Wuling Mitra EV sendiri merupakan salah satu pemain kunci di segmen kendaraan komersial bertenaga listrik. Model minibus dari kendaraan ini ditawarkan dengan harga mulai dari Rp 348 juta, menjadikannya pilihan yang kompetitif untuk investasi transportasi massal. Dari segi dimensi, Wuling Mitra EV menawarkan ruang yang lapang dengan panjang 5.010 mm, lebar 1.800 mm, dan tinggi 1.975 mm, serta jarak sumbu roda (wheelbase) 3.050 mm. Ukuran ini memastikan kapasitas penumpang yang memadai dan kenyamanan selama perjalanan di perkotaan.
Untuk urusan performa, Wuling Mitra EV ditenagai oleh baterai jenis Lithium Iron Phosphate (LFP) yang dikenal akan ketahanan dan efisiensinya. Tersedia dua pilihan kapasitas baterai: 41,9 kWh untuk model Minibus Long Range dan 56,2 kWh untuk model Minibus Premium Range. Perbedaan kapasitas ini tentu berdampak pada daya jelajah kendaraan. Dengan baterai 41,9 kWh, angkot listrik ini mampu menempuh jarak hingga 300 km dalam kondisi penuh, sementara varian 56,2 kWh menawarkan jangkauan lebih jauh hingga 400 km. Jarak tempuh yang substansial ini sangat ideal untuk operasional angkot yang seringkali menempuh rute panjang dalam sehari, mengurangi kebutuhan pengisian daya yang terlalu sering.
Kecepatan pengisian daya juga menjadi salah satu keunggulan Wuling Mitra EV. Kendaraan ini mendukung pengisian cepat menggunakan standar charger CCS2, memungkinkan pengisian daya dari 30 persen hingga 80 persen hanya dalam waktu sekitar 30 menit. Fitur pengisian cepat ini krusial untuk menjaga efisiensi operasional angkot, meminimalkan waktu tunggu di stasiun pengisian dan memaksimalkan waktu layanan di jalan.
Motor listrik yang menggerakkan roda belakang Wuling Mitra EV menghasilkan tenaga sebesar 75 kW dengan torsi puncak mencapai 180 Nm.

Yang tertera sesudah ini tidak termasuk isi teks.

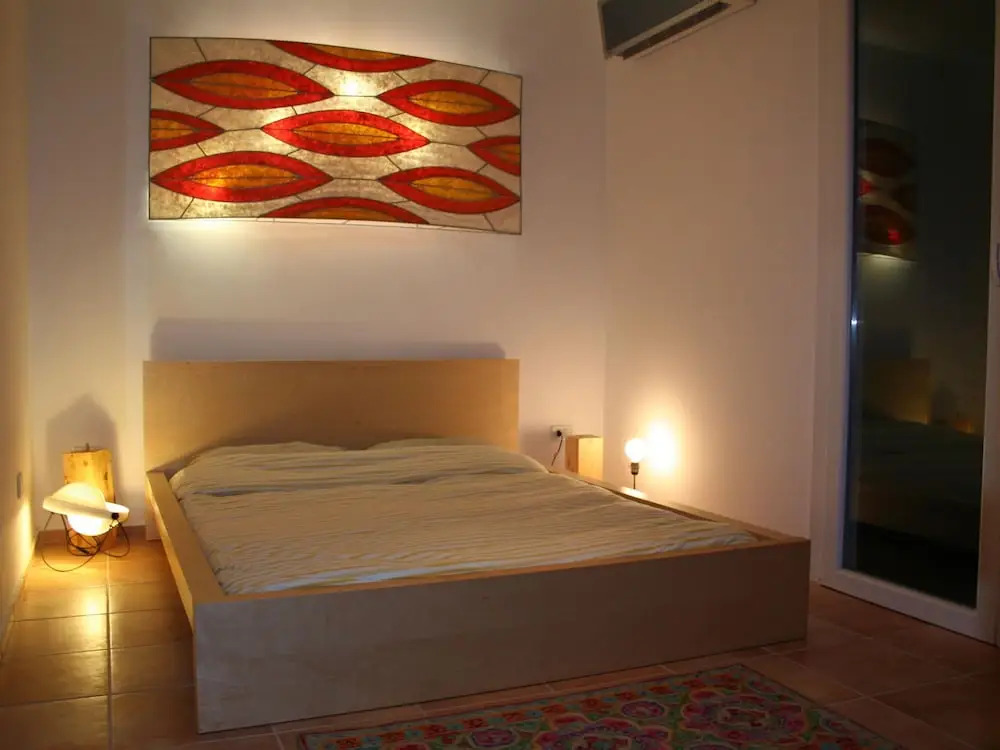 Villa Elena - Two Luxury Suites, garden & fast Wi-Fi near the Sea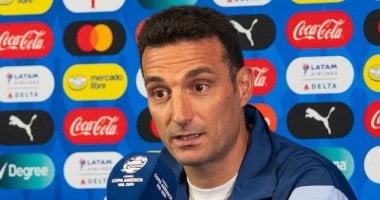 سكاليوني مدرب الأرجنتين يؤكد أن مشاركة ميسي في كأس العالم قرار شخصي بحت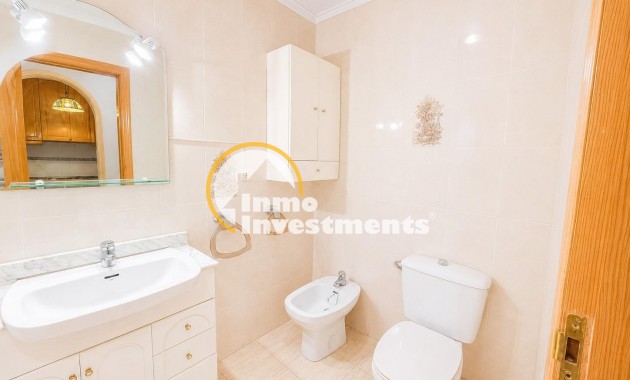 Resale - Apartment - Torrevieja - Acequion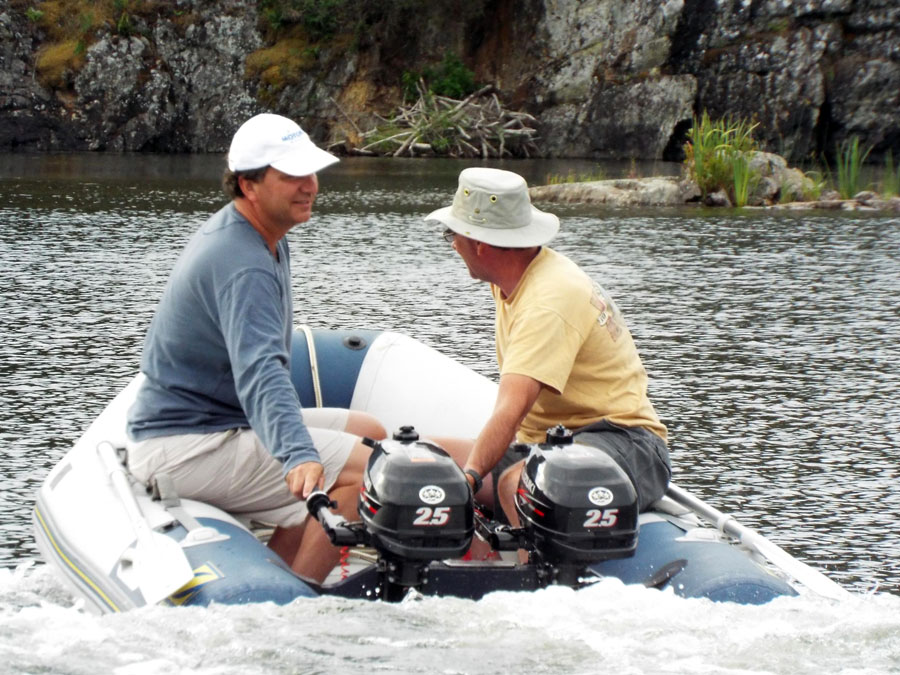 Inflatible dinghy with twin 2.5-HP engines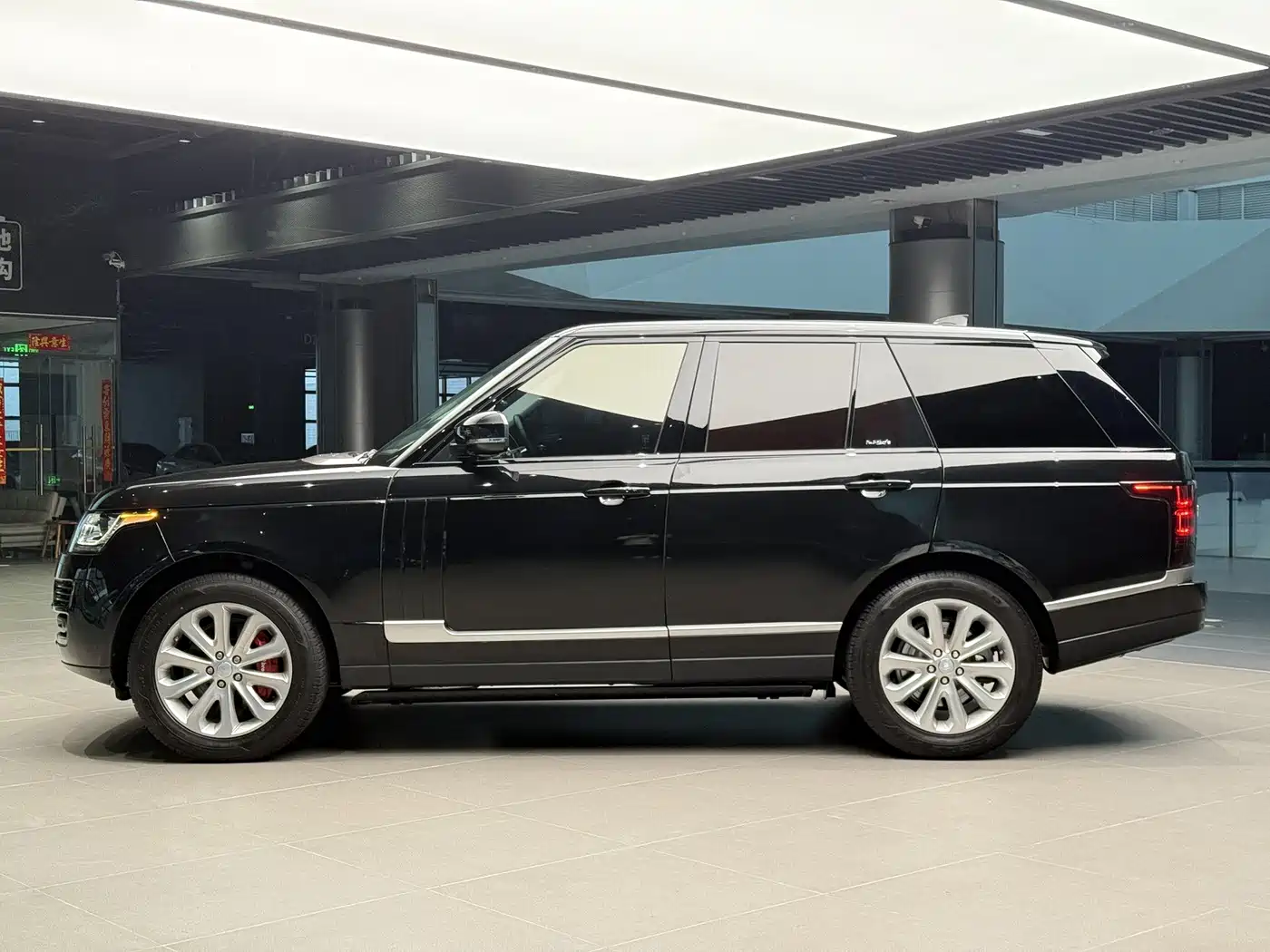 Land Rover Range Rover 2017 3.0 SC V6 Vogue фото 3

Performa ini memastikan akselerasi yang responsif dan kemampuan menanjak yang handal, sangat penting untuk kondisi lalu lintas perkotaan yang dinamis. Pengemudi juga memiliki fleksibilitas untuk memilih mode berkendara yang sesuai, antara lain Eco untuk efisiensi maksimal, Normal untuk keseimbangan, dan Sport untuk performa yang lebih agresif. Kecepatan tertinggi angkot listrik ini mencapai 115 km/jam, lebih dari cukup untuk kebutuhan transportasi dalam kota.
Transisi ke angkot listrik di Depok bukan hanya sekadar perubahan jenis kendaraan, melainkan sebuah manifestasi dari visi kota modern yang peduli terhadap lingkungan dan kesejahteraan warganya. Dengan mengintegrasikan teknologi kendaraan listrik ke dalam sistem transportasi publik, Depok tidak hanya berinvestasi pada solusi yang lebih bersih dan efisien, tetapi juga membangun masa depan mobilitas yang lebih mudah diakses dan berkelanjutan bagi semua. Inisiatif ini diharapkan menjadi model inspiratif bagi kota-kota lain di Indonesia dalam upaya mereka menuju pengembangan transportasi publik yang lebih hijau dan inklusif.
This article was rewritten using AI technology based on information from oto.detik.com without altering the facts of the original article.